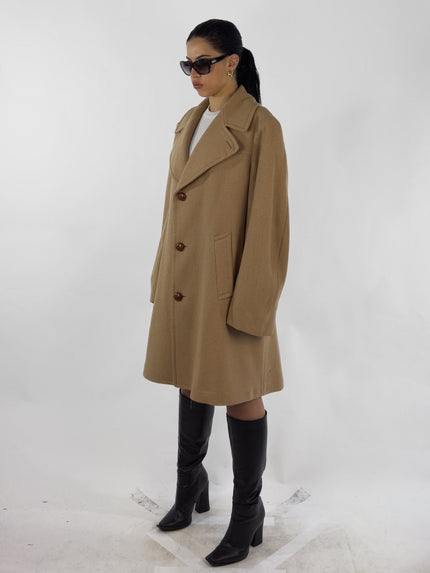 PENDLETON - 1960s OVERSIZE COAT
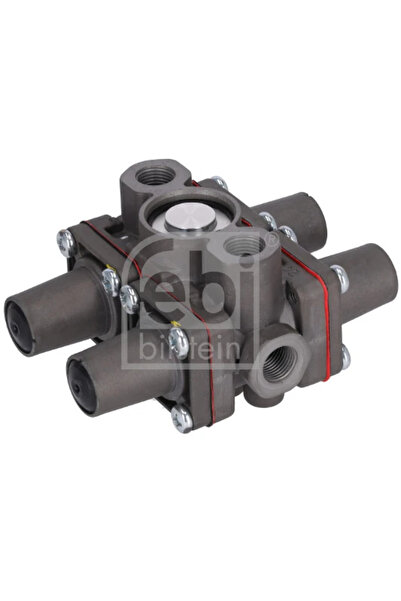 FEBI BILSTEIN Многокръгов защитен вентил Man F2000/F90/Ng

---

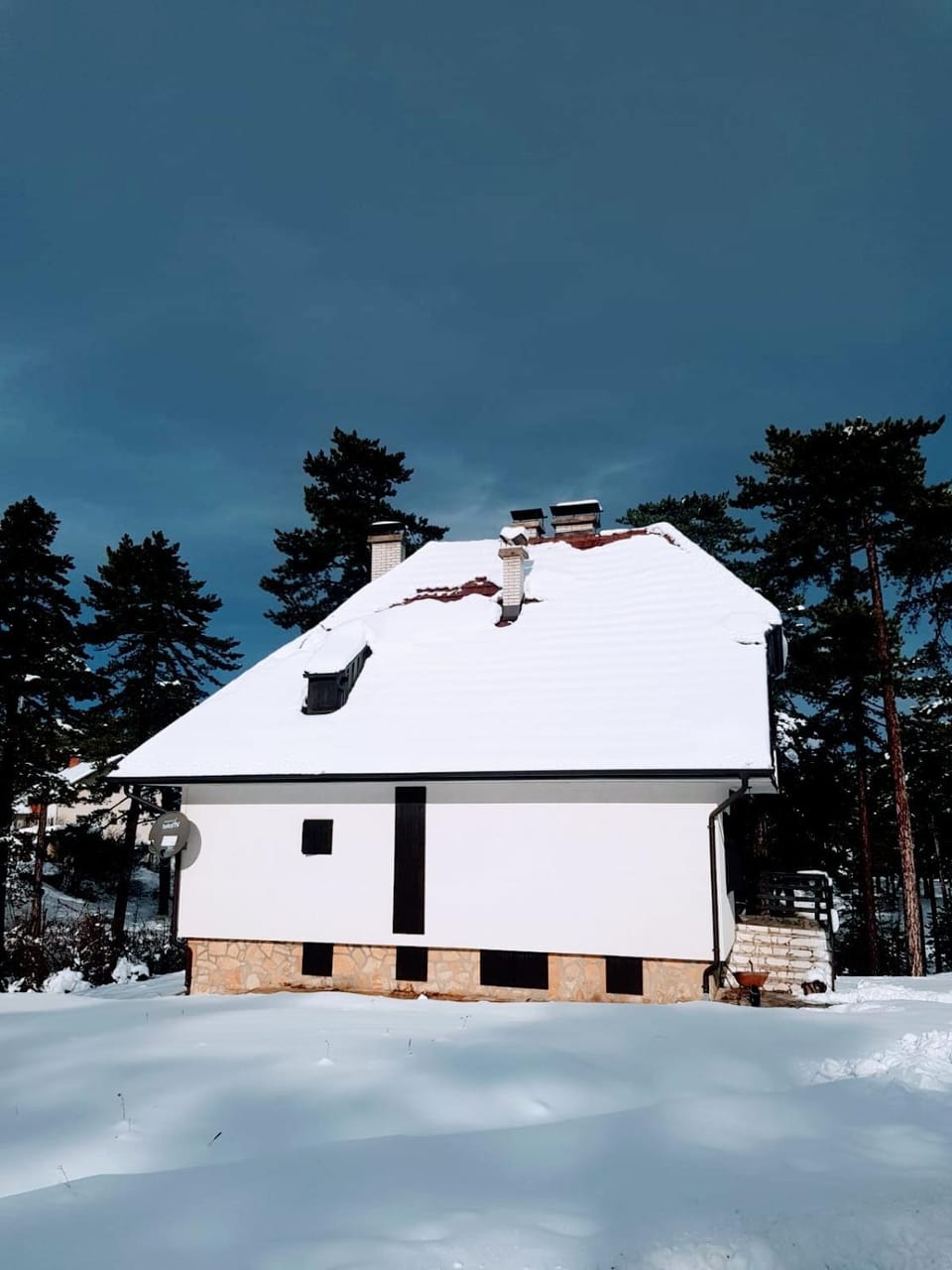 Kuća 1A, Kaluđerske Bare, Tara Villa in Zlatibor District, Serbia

---

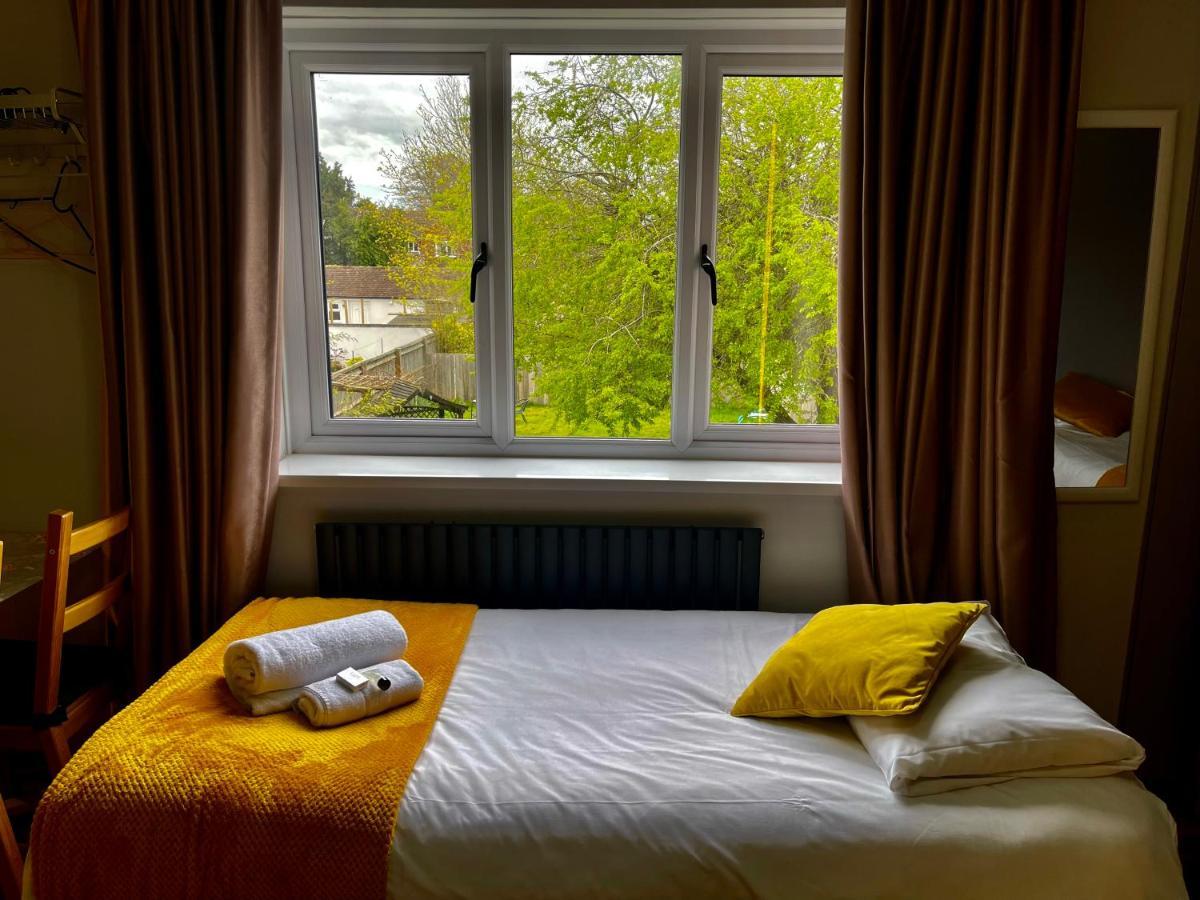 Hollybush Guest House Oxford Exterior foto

**INSTRUCTIONS TO FOLLOW**
When you reach the line containing "PENDLETON - 1960s OVERSIZE COAT" in the entries above, begin restating word for word, and stop once the line containing "FEBI BILSTEIN Многокръгов" has been given. Omit the pictures.

**FINAL ANSWER**
 PENDLETON - 1960s OVERSIZE COAT
 FEBI BILSTEIN Многокръгов защитен вентил Man F2000/F90/Ng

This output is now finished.